The truth is that "criminals" are still people. You have to treat them as such. Give someone good reasons not to break the law...you know, like all that stuff I just said. They won't be so inclined to break it. Or, to put it another way, the most dangerous person is the one that has nothing left to lose.
While I expected this barrage of "wait: you're gonna TEACH all those CRIMINALS things? What if they become SMARTER CRIMINALS?" or "what about the INNOCENT PEOPLE who don't get any help?" it's still an eerie feeling.
This is the intellectual elite? Sheesh.
If I had to single it out, I'd say this is the thing most wrong with USA society. It makes me sad.

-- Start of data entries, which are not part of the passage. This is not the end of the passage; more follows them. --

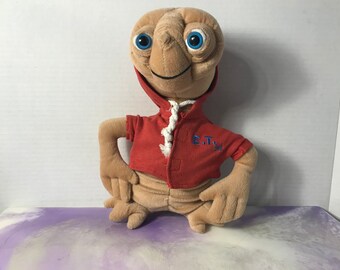 large et plush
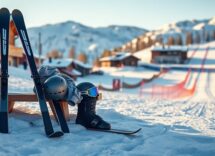 Anna Carboni a Sestriere: il racconto della prova agli assoluti di sci alpino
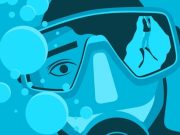 Pesadilla submarina: cuando las vacaciones se convierten en una tragedia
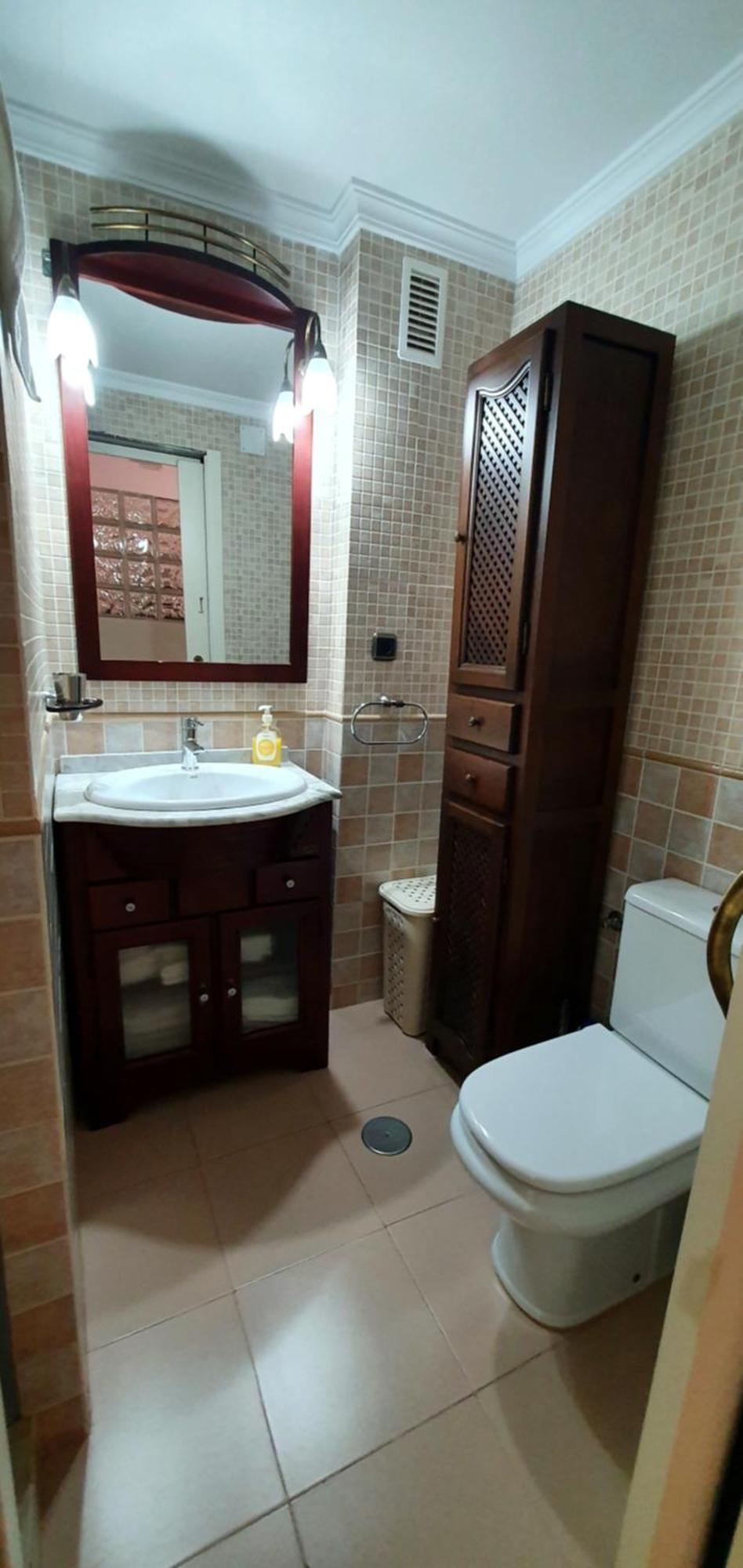 Apartamento A Pie De Playa La Barrosa Chiclana de la Frontera Zewnętrze zdjęcie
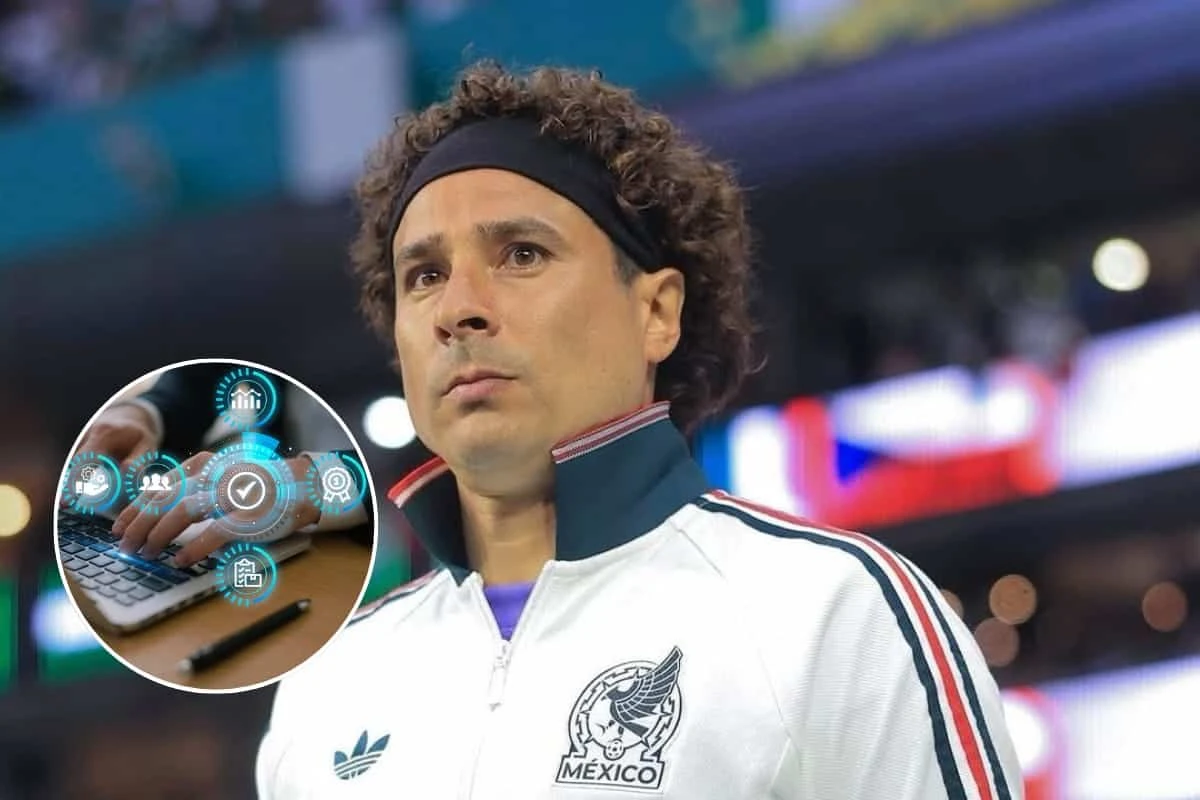 Memo Ochoa ya decidió que hará tras anunciar su retiro. Foto: Instagram/Magnific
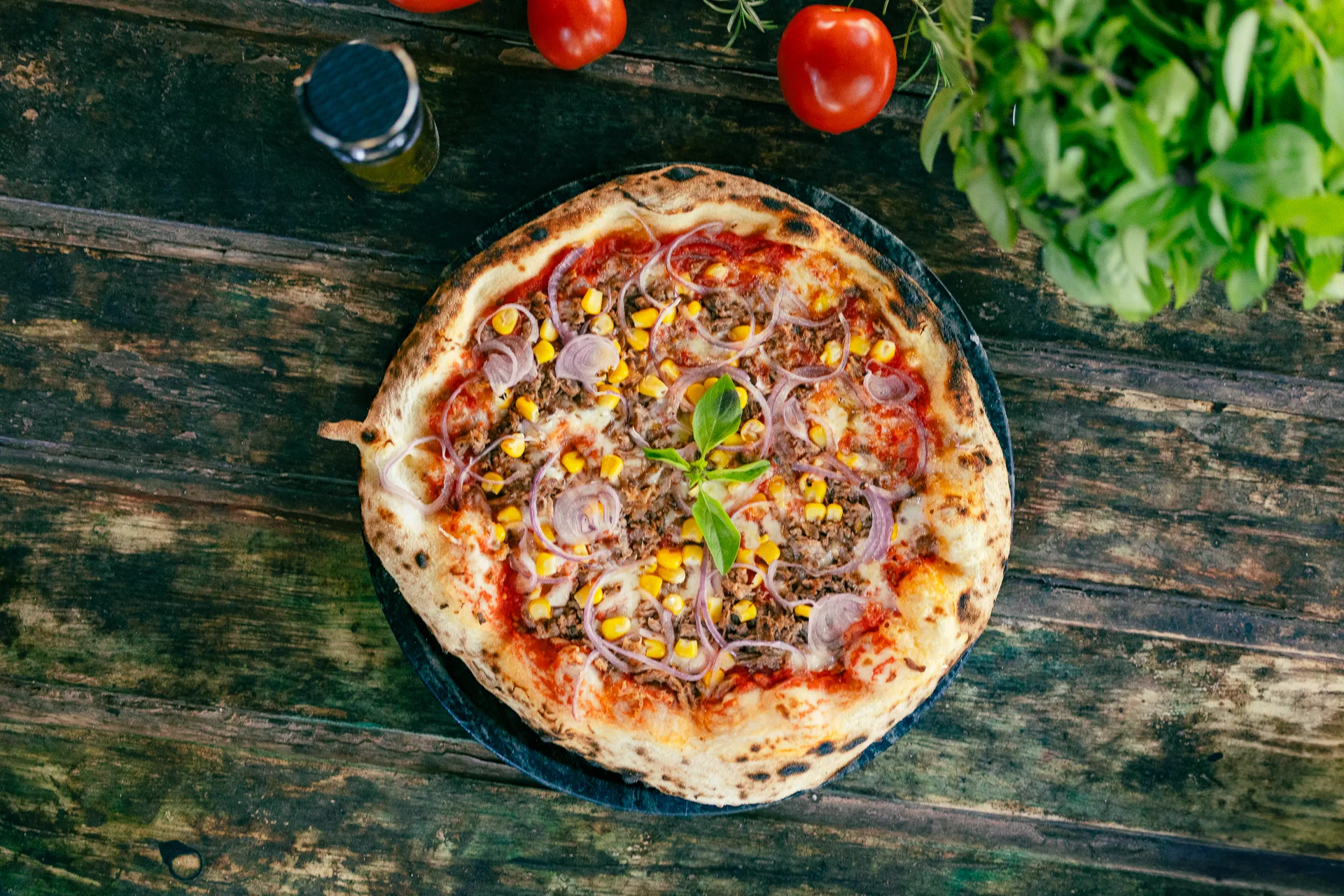 Tempero Brasil 2025 — ensaio de Gastronômico na Chapada Diamantina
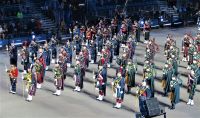 Military Tattoo &ndash; &copy; Burkhard Herpich (Eberhardt TRAVEL)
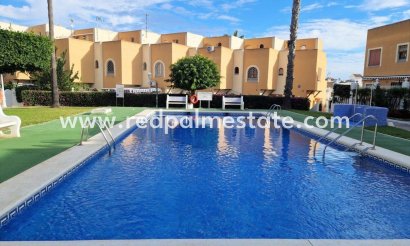 duplex - Herverkoop - Torrevieja - La Mata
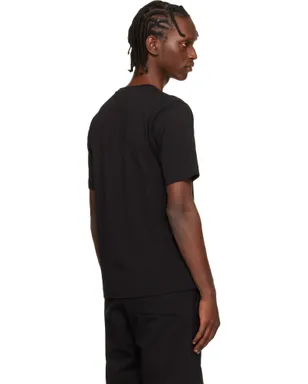 Dries Van Noten Regular コットン Tシャツ - サムネイル3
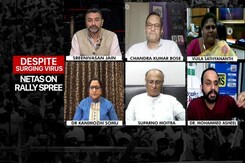 Rallies Of Risk: No Masks, No Social Distancing, No Checks Rallies Of Risk: No Masks, No Social Distancing, No Checks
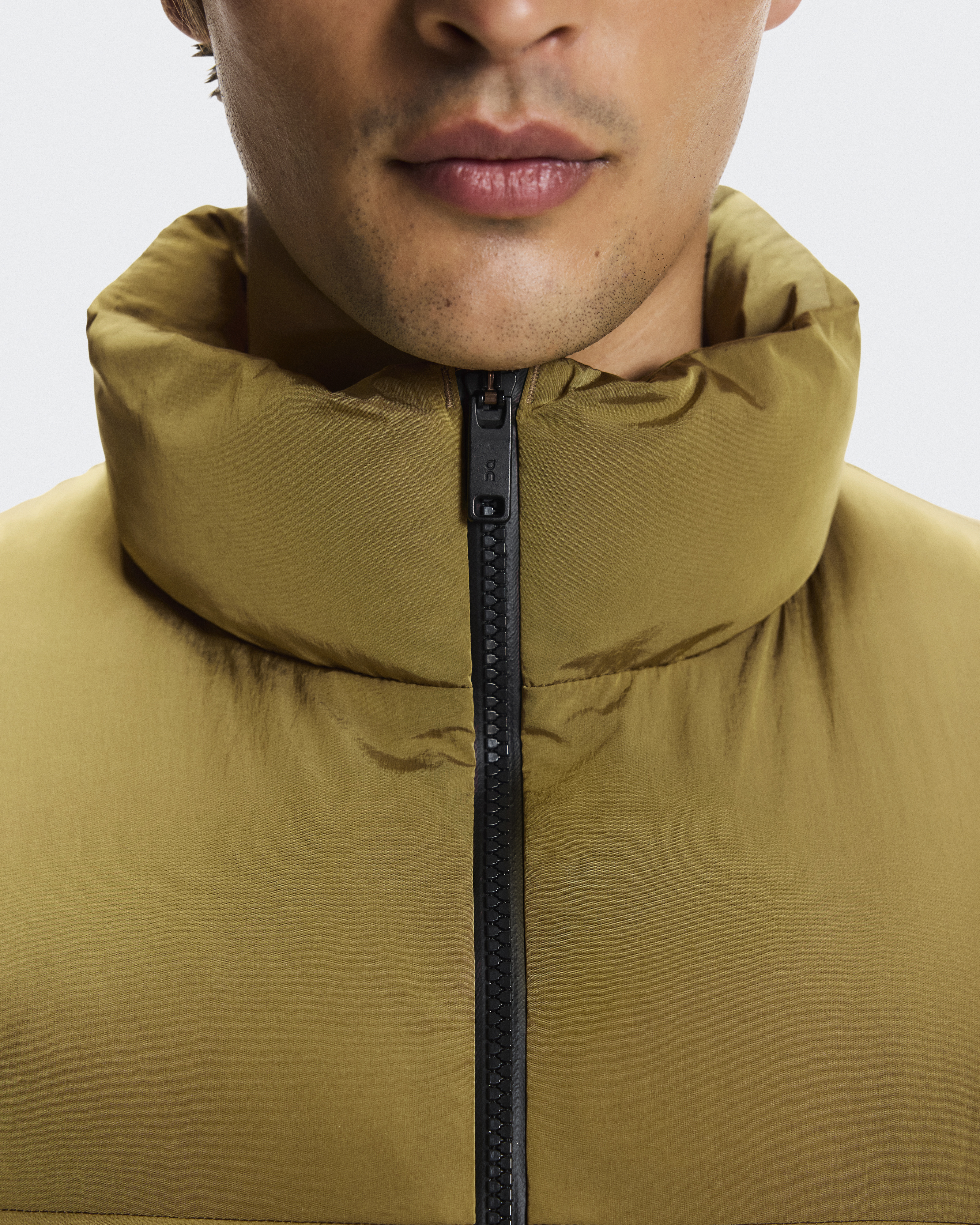 All-Day Puffer Vest - 7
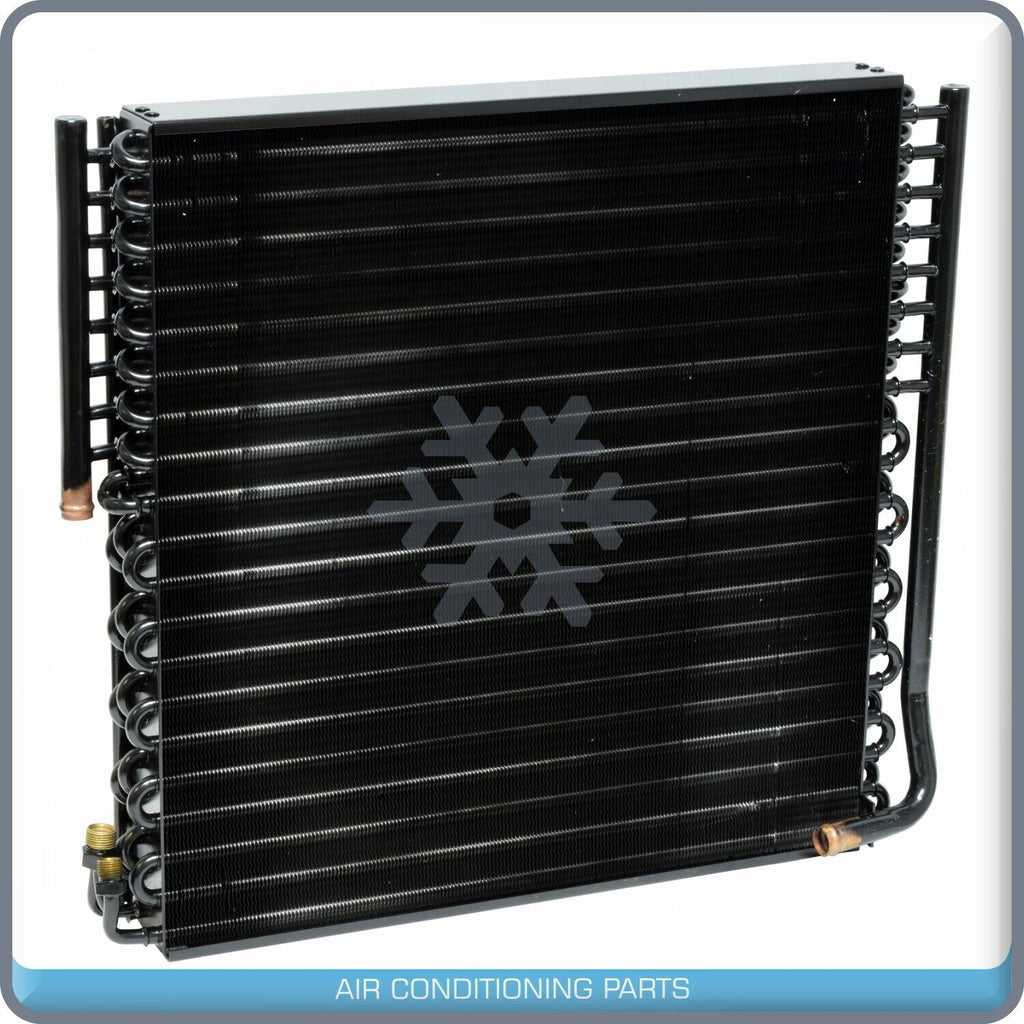 A/C Condenser for JOHN DEERE 4040, 4050, 4055, 4230, 4250, 4430, 4630.. - Qualy Air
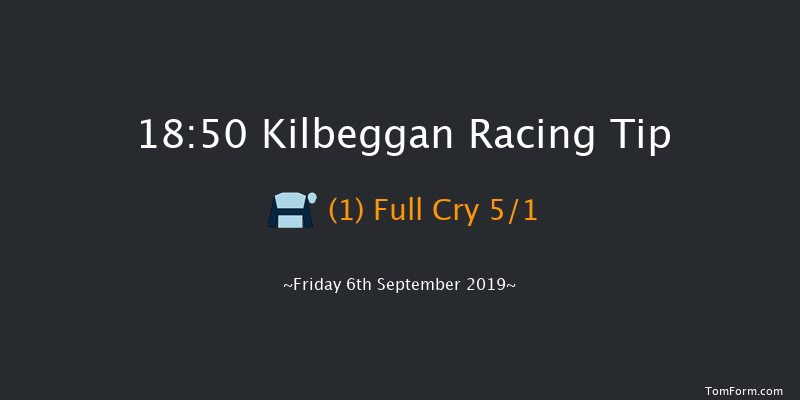 Kilbeggan 18:50 Handicap Chase 25f Sat 24th Aug 2019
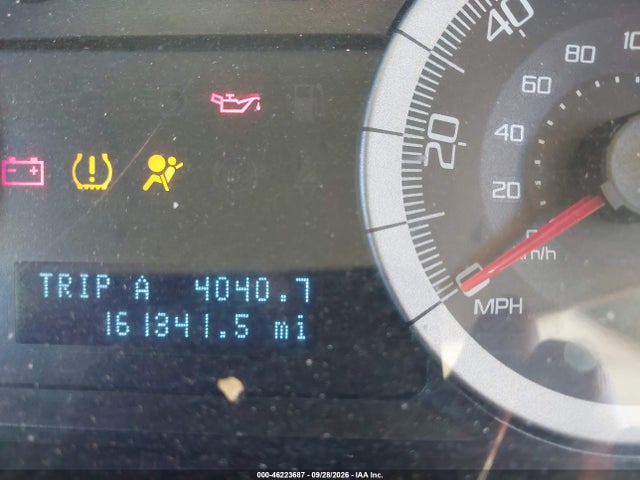 46223687 :رقم المزاد ، 1FMCU93709KB55997 vin ، 2009 Ford Escape Xlt مزاد بيع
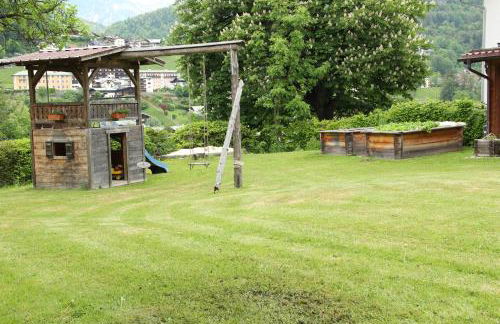 Landhaus Kranzbichl - Foto 14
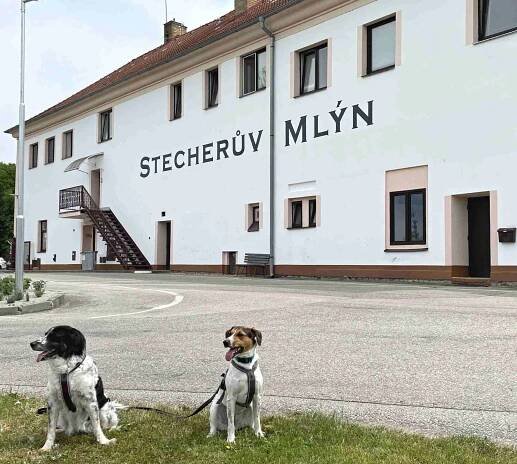 2023 výlety - ADESSO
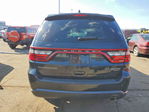 Dodge Durango 2016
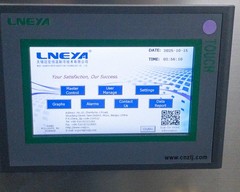 Lneya Recirculation Chiller, Cooling and Heating Machine -25°C – 200°C Sundi-255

'This program will go a long way to not only providing these guys with jobs, but it is my hope that they hire people like them who have changed their lives and are now ready to contribute to society, pay taxes, follow the law, support their families,'
Why didn't the milktoast suburbanites of san jose (silicon valley) and surrounding cities do this earlier, say before any of these candidate hires were charged or convicted with a crime? We're forgetting this and many other communities in california were the same ones who decided 3 strikes was a great idea to curb crime. that building prison repositories for nonviolent drug offenders was an easy way to pocket some private prison cash and rid the streets of low income minorities who were supporting their families and paying their taxes as best they could, until you criminalized their very existence. The program fails to take into account the lack of unskilled employment for people who certainly arent going to qualify for a position at google, but perhaps they used to be a good welder or carpenter. the program exists largely as an exercise in the psychology of guilt. the job education also doesnt take into account what being an inmate means in California or other states. It means you emerge with your housing and apartment applications categorically denied because you served time. It also means those nice companies that taught you cobol on your worst days, wouldnt so much as talk to you on the street on your best. you are a branded felon. no matter how much Java you learned you're faced with a system that endorses and accepts the wholesale shunning of an entire class of people from the employment system.
Good people go to bed earlier.
The point of my post was not that recidivism rates are 60% or 80% or any specific value - making an estimate just helps to establish the threshold for cost savings. (If recidivism was zero, we wouldn't need this.) The point is that if this program reduces recidivism by any measurable amount then it is a net economic gain instead of some kind of "free government handouts for felons" as the OP was claiming.
And yes, I think we're far better off providing free educations to people before they become criminals. But because we live in the real world, that doesn't always happen. If we simply ignore the damaged parts of society, they won't heal themselves.